Assigned task = Repeat the records below exactly, leaving out every picture.

Caption-style text data:
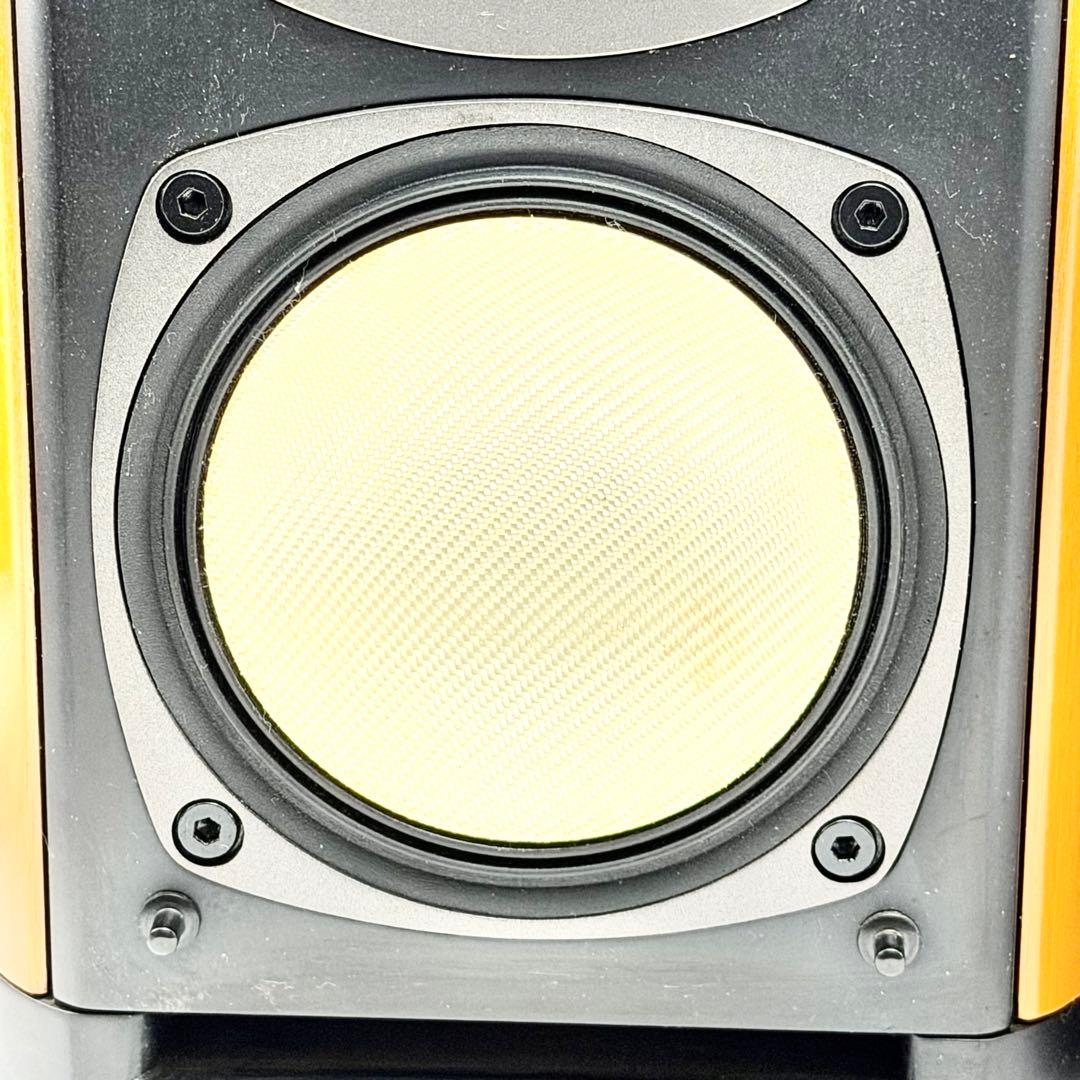 ONKYO D-112E 木目 スピーカー ペア 2台セット 動作確認済み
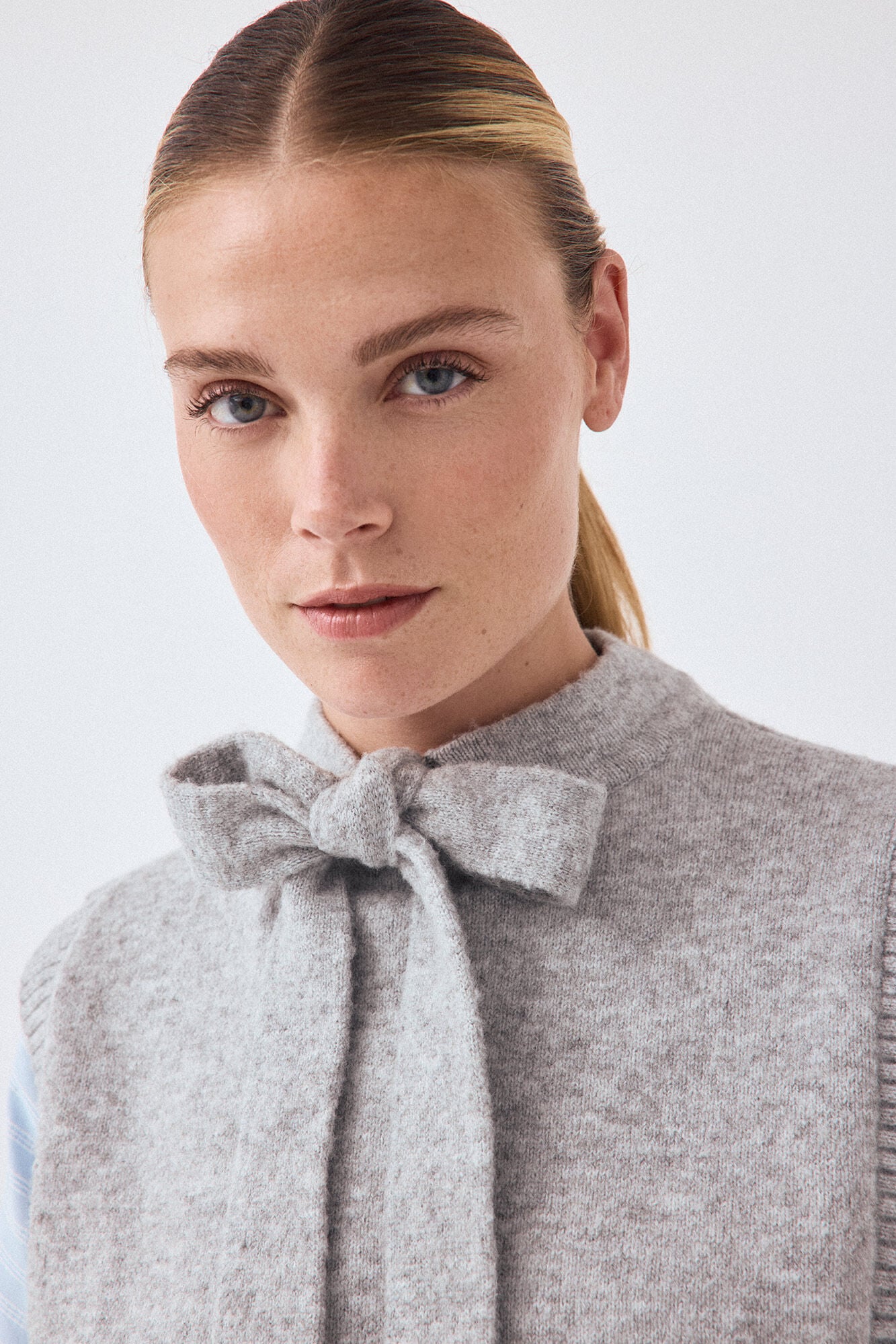 Pedro del Hierro Knit cape
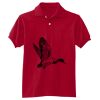 Youth EcoSmart® Jersey Knit Polo Thumbnail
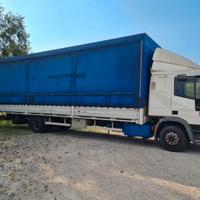 Eurocargo e120 usato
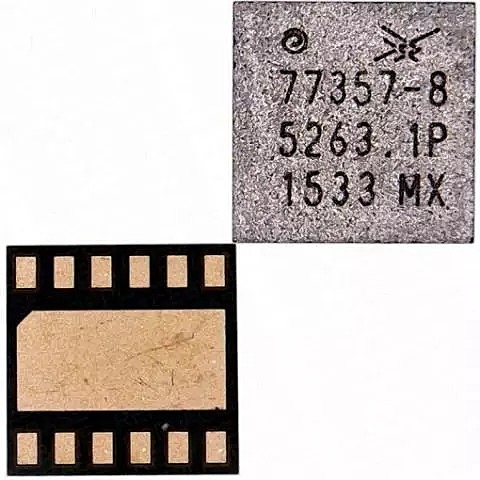 Apple iPhone 6s , 6s Plus Power Amplifier 77357 IC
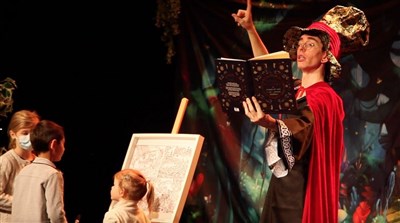 Photo 4 de Le Magicien qui ne savait plus lire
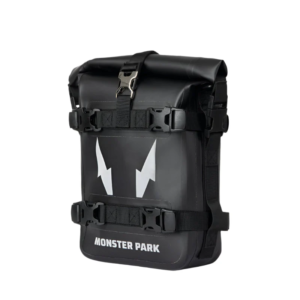 monster park multifunctional protective handlebar bag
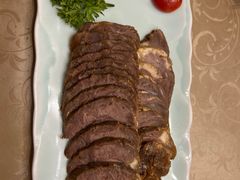 -金牌餐厅·天津菜·八珍豆腐·老爆三(瓷房子店)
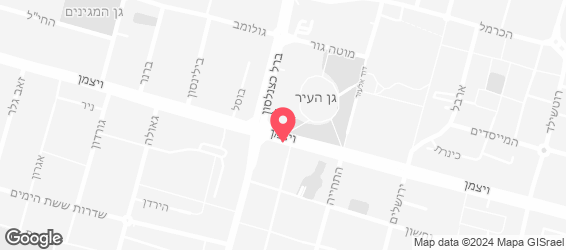 דזיה-מבשלים מאהבה - מפה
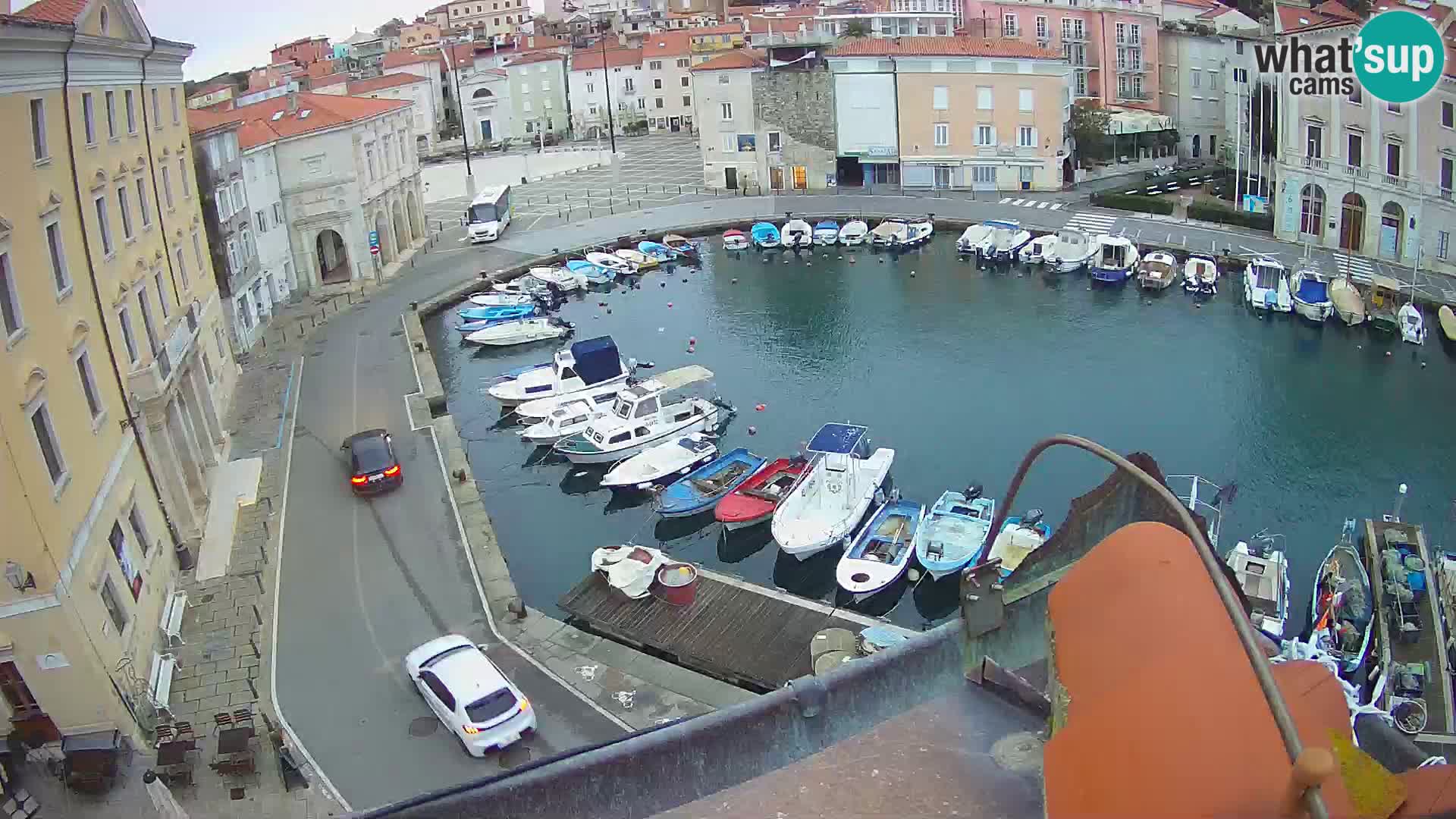 Villa Piranesi Live view Piran – Slovenia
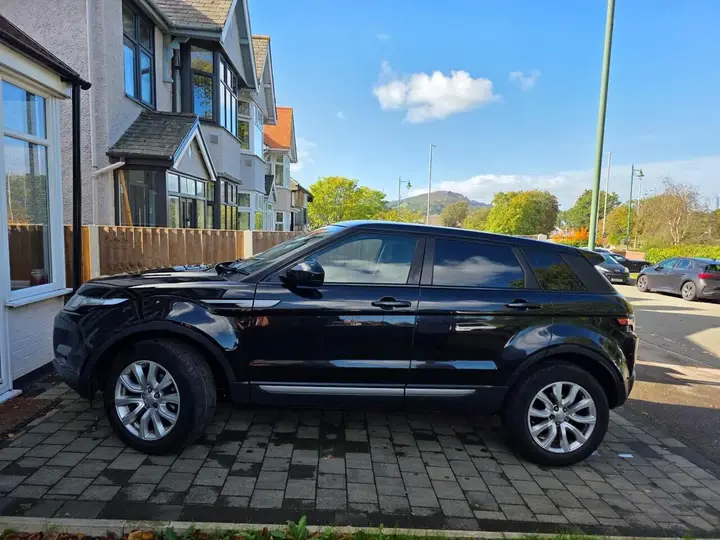 Land Rover Evoque 2014 photo 5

The answer =
 ONKYO D-112E 木目 スピーカー ペア 2台セット 動作確認済み
 Pedro del Hierro Knit cape
 Youth EcoSmart® Jersey Knit Polo Thumbnail
 Eurocargo e120 usato
 Apple iPhone 6s , 6s Plus Power Amplifier 77357 IC
 Photo 4 de Le Magicien qui ne savait plus lire
 monster park multifunctional protective handlebar bag
 -金牌餐厅·天津菜·八珍豆腐·老爆三(瓷房子店)
 דזיה-מבשלים מאהבה - מפה
 Villa Piranesi Live view Piran – Slovenia
 Land Rover Evoque 2014 photo 5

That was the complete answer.